Ma oggi che a distanza di due anni ricordiamo quei fatti, noi possiamo aggiungere qualcosa a quella rappresentazione simbolica, possiamo aggiungere l’esperienza di un periodo rivoluzionario apertosi con le più grandi speranze e con la più grande audacia, e non ancora concluso, benché il ritorno degli eventi fatto più lento e meno febbrile sembri accennare a una depressione degli spiriti e della volontà di rivolta. Oggi lo sviluppo dei fatti ci si presenta anch’esso più chiaro, insieme col logico incatenarsi delle cause e degli effetti, e il sacrificio di Liebknecht ci appare in tutta la sua pienezza del valore ch’esso ha avuto, non solo nella storia della rivoluzione europea, ma nella stessa intima storia della formazione nelle file del proletariato di una precisa coscienza e di una valida capacità di azione. Perciò, prima di ogni altra cosa, nel ricordare la morte atroce, noi ricordiamo che gli strumenti di essa furono apprestati, prima che dalla classe borghese, dai traditori usciti dalle file del partito del proletario. Commemoriamo il martire e l’eroe, l’uomo nella cui vita per un istante si sono riassunte le sorti di tutta la classe ribelle, e non possiamo non ricordare, come parte essenziale di un insegnamento che non si cancella, che la sua sorte fu segnata da coloro che erano venuti meno alla fede, che erano passati nelle file avversarie o rimasti tra le file dei combattenti per seminarvi dubbio, incertezza, scetticismo.
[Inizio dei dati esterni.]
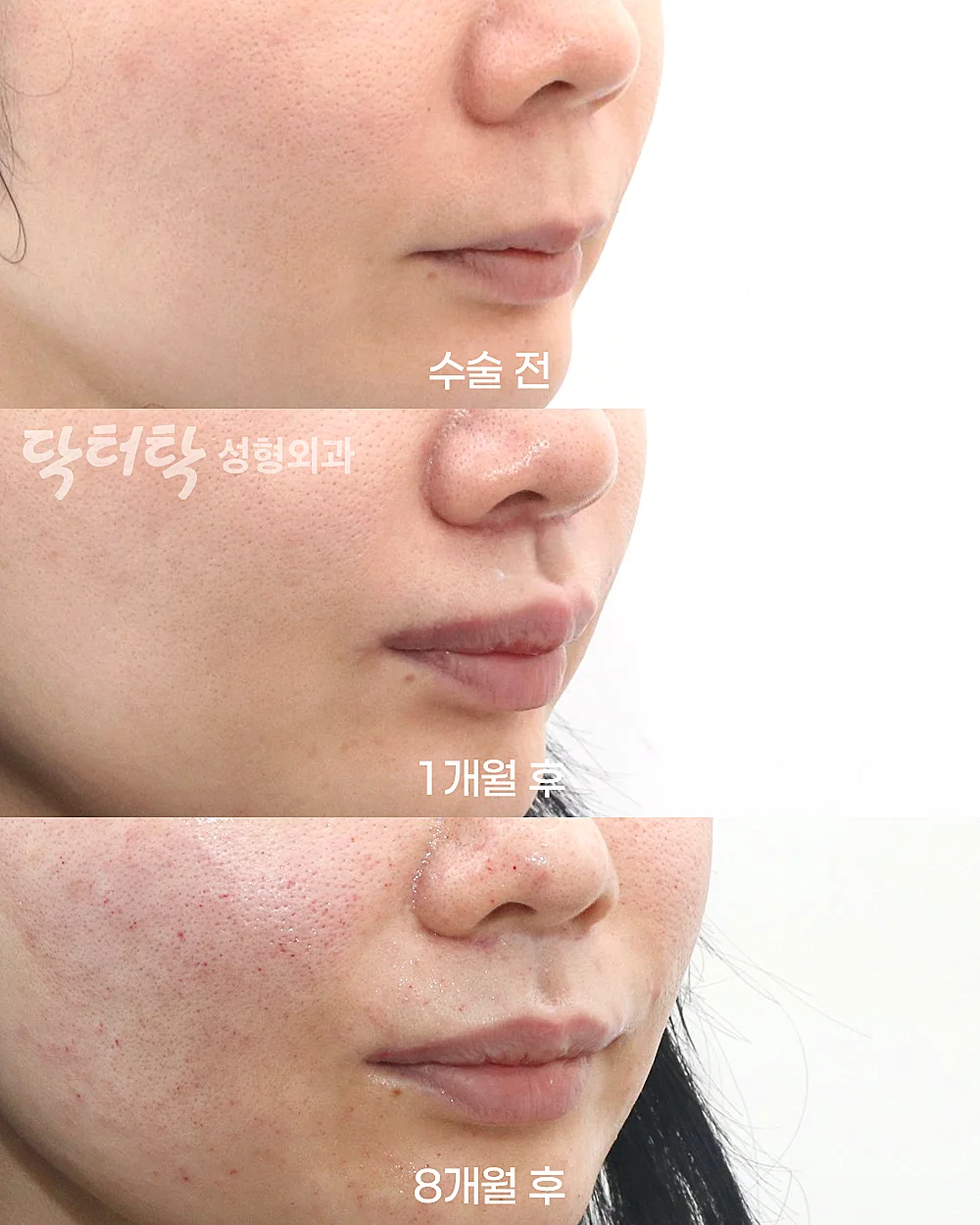 [แก้ไขใบหน้าส่วนกลาง_ก่อน-หลัง] ปรับรูปร่องริมฝีปาก (C-Curl) + ศัลยกรรมยกริมฝีปากบน (Lip Lift) + ยกริมฝีปากด้านข้าง (Lateral Lip Lift) + ยกมุมปาก (Corner Lip Lift) - แก้ไขริมฝีปาก, แก้ไขส่วนกลางใบหน้า (ร่องริมฝีปากบน) เคสก่อน-หลัง 2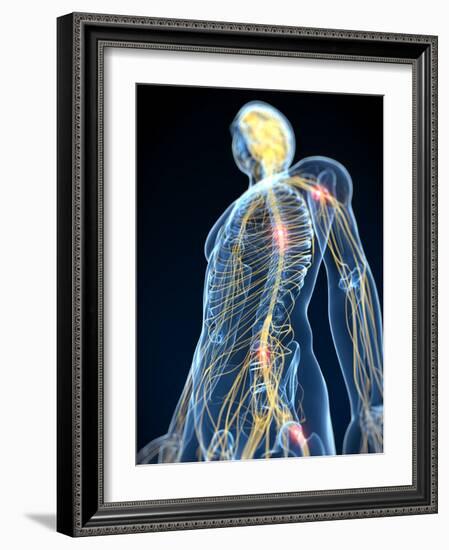 Human Nervous System, Artwork-SCIEPRO-Framed Photographic Print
L’insurrezione berlinese del gennaio 1919 fallì perché trovò contro di sé, organizzate dai socialdemocratici, le forze della reazione; dopo di essa, il proletario tedesco fino a ieri è stato impedito di risorgere valido e potente dagli stessi che un giorno erano parsi guide dell’azione e poi si rivelarono traditori nascosti sotto le spoglie o del teorico, o del funzionario, o del parlamentare. Soltanto attualmente dopo un lungo periodo d’elaborazione interiore, dopo un periodo faticoso di liberazione e di rinnovamento, la classe operaia tedesca sta ritrovando la sua via. E la ritrova sulle direttive segnate da Carlo Liebknecht.
Ma noi abbiamo detto che nel suo nome e nell’azione sua vedevamo un esempio per tutti i popoli. Più che un esempio, è una prova. Carlo Liebknecht ci ha provato nel modo più valido, col sacrificio, quale è la via e quali sono gli ostacoli.
Chi evocherà il suo nome al Congresso di Livorno saprà esprimere completo il monito che esso contiene?
Sotto gli auspici del suo nome noi vogliamo porre – e ci pare realmente ora, che la coincidenza sia fatidica – l’origine del Partito Comunista Italiano.